◆ **Given information**
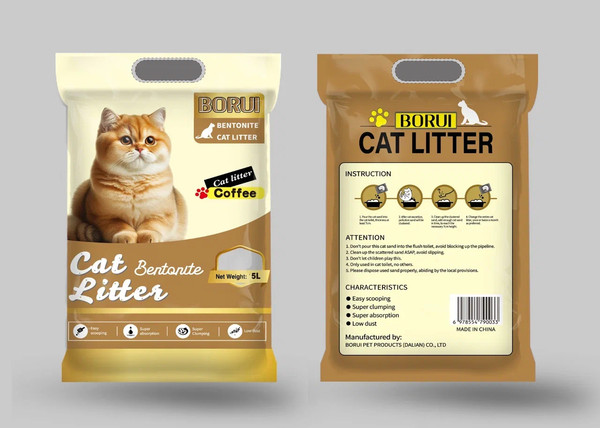 Наполнитель для туалета Borui Бентонитовый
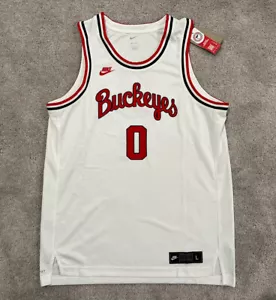 Nike Ohio State Buckeyes Retro Throwback Basketball Jersey White Mens Size Large - Picture 1 of 10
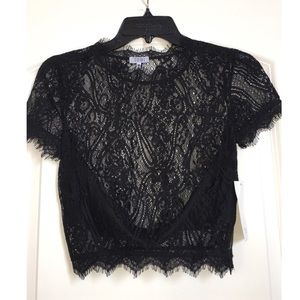 NWT- Tobi Lace Crop Top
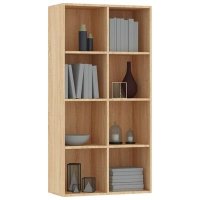 VidaXL Boekenkast/dressoir 66x30x130 cm bewerkt hout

◆ **Assignment**
Images are to be skipped, and each line above is to be returned exactly.

◆ **Result**
 Наполнитель для туалета Borui Бентонитовый
 Nike Ohio State Buckeyes Retro Throwback Basketball Jersey White Mens Size Large - Picture 1 of 10
 NWT- Tobi Lace Crop Top
 VidaXL Boekenkast/dressoir 66x30x130 cm bewerkt hout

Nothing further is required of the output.